Я написал текст этой книги более девяти лет назад – и это большой срок, когда речь идет о современности. Более того, я писал его на немецком языке, и перевод неизбежно изменит некоторые нюансы оригинала. Парадоксальным образом необходимость издания на английском языке также вызвана тем, что в первой американской публикации 1987 года «Конец истории искусства?» были отражены размышления, которые я переосмыслил к сегодняшнему дню и не хотел бы видеть в новом издании. Я отказался от раздела о Вазари, который не нуждается в повторении, и добавил несколько новых текстов (их нет даже в последнем немецком издании 1995 года «Конец истории искусства: десять лет спустя»). Анализировать сцену современного искусства можно бесконечно – ее смысл не уловишь раз и навсегда. Некоторые специалисты по модернистскому искусству выступают против всего, что не вписывается в их собственный визуальный опыт, и тем самым они наталкивают на сомнение: а занимаются ли они непосредственно искусством или просто защищаются от потока событий?

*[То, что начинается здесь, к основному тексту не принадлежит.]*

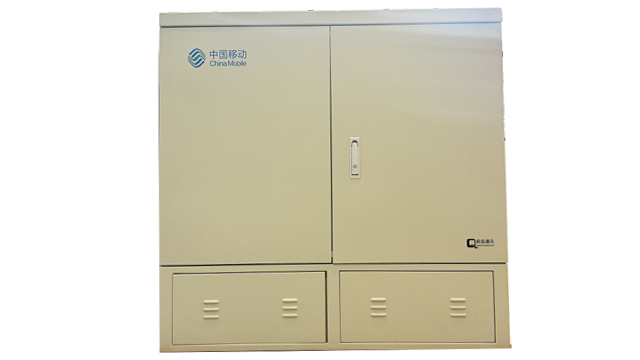 熔配一體化交接箱廠家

Это все не говорит о невозможности какой бы то ни было устойчивой точки зрения и не подразумевает, что есть некий киношный сценарий событий, которому приходится слепо следовать. Но мы действительно неспособны контролировать происходящее – только собственную точку зрения. Например, нас может привлечь школа академической мысли, на короткое время вошедшая в моду, однако, пусть и неосознанно, но мы уже переняли определенную традицию мышления. В моем случае эта традиция уходит корнями в многолетний опыт истории искусства, одновременно формирующей и ограничивающей мое восприятие современной сцены – сцены, которая, в свою очередь, тоже реагирует на традицию. Противоречия, а иногда и тайное соперничество между авторитетной художественной критикой и реальными произведениями, усиливаются. Но и внутри самой художественной критики усиливается дихотомия, которая как будто отвергает интеллектуальный симбиоз, сложившийся между Соединенными Штатами и Европой в послевоенные десятилетия. И эта дихотомия, недавно замеченная и мной, на мгновение поколебала мою решимость сделать настоящую публикацию. Никому не хочется показаться невразумительным или, хуже того, неосведомленным, хотя информация – это вопрос отбора и предпочтений. Но уверенность в продолжающемся диалоге внутри Запада побудила меня, несмотря на все сомнения, пойти на риск опубликовать книгу. Когда-то меня учили верить в существование тесного диалога, и мне не терпелось узнать, оправдана ли по-прежнему эта вера.

Первая часть этой книги не эквивалентна исходному изданию. Все начинается с выявления разницы между нынешней ситуацией и тем, что мы называем модернизмом. В то же время сейчас я лучше подготовлен к формулированию тезиса о конце истории искусств, чем двадцать лет назад. Более того, теперь у меня есть возможность учесть дискуссию, которая успела возникнуть вокруг первого издания моей книги (например, статью Артура Данто). С тех пор как дискуссия об искусстве выступает игровой площадкой для искусствоведов и художников, стало очевидно, что традиционное изложение истории искусства служило другой цели. Стиль и история были ключевыми темами искусства начала XX века, и их дисциплина бессознательно или намеренно продолжает поддерживать. Периодизация, которую под собой подразумевает фраза «поздний культ модернизма», выходит за рамки искусствоведческой хронологии и отражает мою точку зрения, что восприятие искусства и путь истории искусств зависят от нашего культурного опыта.